Klaus Kleinfeld, chief executive officer of Alcoa : releases results

Time to practise the lessons of 2009


The last decade was not a good one for 'buy and hold' investors, but if you were an active and versatile trader you will hopefully be looking back on the period with some fondness.


The Dow Jones equity index fell 9%, recording the first negative decade since the 1930s. From 2000 to 2010 we had the dotcom collapse, the 2001 terrorist attacks on the US, and of course the credit crunch. It was a decade of immense volatility and hence opportunity.


Looking at the overall performance from 2000 to 2010 hides the fact that, over the ten years, the markets moved down 32%, then up 45%, then up another 31%, followed by the recent 53% collapse and subsequent 60% rally. Why succumb to the 'buy and hold' mentality when so much opportunity exists in more flexible approaches?


2010 will be a year when having the ability to go long (buy) or short (sell) the market is vital. We are not going to try to call the market play by play for 2010, because that is nigh on impossible, and because you need to approach the year with a flexible attitude. Instead, you should know what to look out for.


We do not believe the global economy is out of the woods yet. Consumers around the world still have massive debt. Huge numbers have lost their incomes or had them severely slashed, yet they own property in negative equity and a plethora of maxed-out credit cards. 2010 will probably be another year of tightening consumer spending and hence continued corporate revenue depression.


This is why we believe there will be a big fall-off in equities at some stage in the year. The risk-to-reward payoff from a long equity position at these levels is not large enough to warrant any significant long positions on the equities. In fact, dipping your feet into a small short trade may be the best way to start the year.


US aluminium giant Alcoa announces its 2009 Q4 earnings this week. As usual this marks the beginning of earnings season, and it should herald a return to more intense trading as market participants shake off the Christmas cobwebs. Good sales figures for Q4 could easily support a rally for the next few months, but any sign of weakness will be good cause to sell the equity indices, and if you are already short, maybe to get more aggressive.

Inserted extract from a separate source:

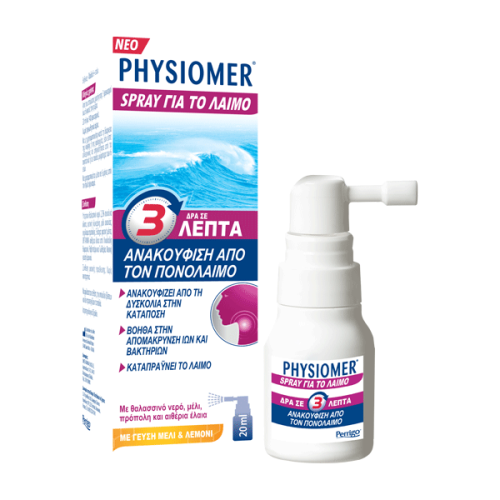 Physiomer Throat Spray, 20 ml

A major factor in returning such a massive rally in 2009 was the record low interest rates in most parts of the world, making money extremely cheap and inflating asset prices. There is a real danger that central banks have gone too far in this respect, and instead of stabilising economies, they have simply created another dangerous bubble. Interest rates will not stay this low forever, and in the US, there is a strong probability that rates will start to rise towards the end of this year.


These factors will affect currency markets as well. Towards the end of 2009 we had some resurgence of the dollar. There is a growing belief that the US will raise rates before the Bank of England and ECB do, and as these belief grows stronger, so will the dollar. Adding to the attractiveness of the dollar is its much talked-about 'safe haven' status. If equity markets do tumble this year, then holding dollars should be a solid trading strategy.


2010 promises to be an interesting year in financial markets. Let's just hope that the extreme trading conditions of the past 10 years have taught investors plenty of lessons. Remember that, in the last nine months of 2009, those who were long the market made 60%. If you were a buy and hold investor you would have to have bought the Dow in 1996 to achieve the same nominal gains.


Commodities on the up


Christmas brought about a significant change in the direction of the oil market, with prices trading higher. This continued last week. On 23 December, US light crude broke above $76/bbl, the level we noted on 18 December as the turning point for higher oil prices. Since then US light crude has risen another 8% to above $83/bbl, a 52-week high.


This can't be attributed simply to technical factors. There is continued optimism that the global economic outlook is improving faster than expected. So for the time being, it looks likely that oil prices will continue to trade above $80 and dips to this level should be seen as opportunities to buy.


However, we remain sceptical about the sustainability of the recovery, and remain cautious on the upside for oil in the medium term.


Metals also made headway last week. Copper and platinum prices made 52-week highs. Gold also rallied strongly moving back above the $1,100/oz. However, if the dollar continues to strengthen, a fall in metal prices could happen very quickly.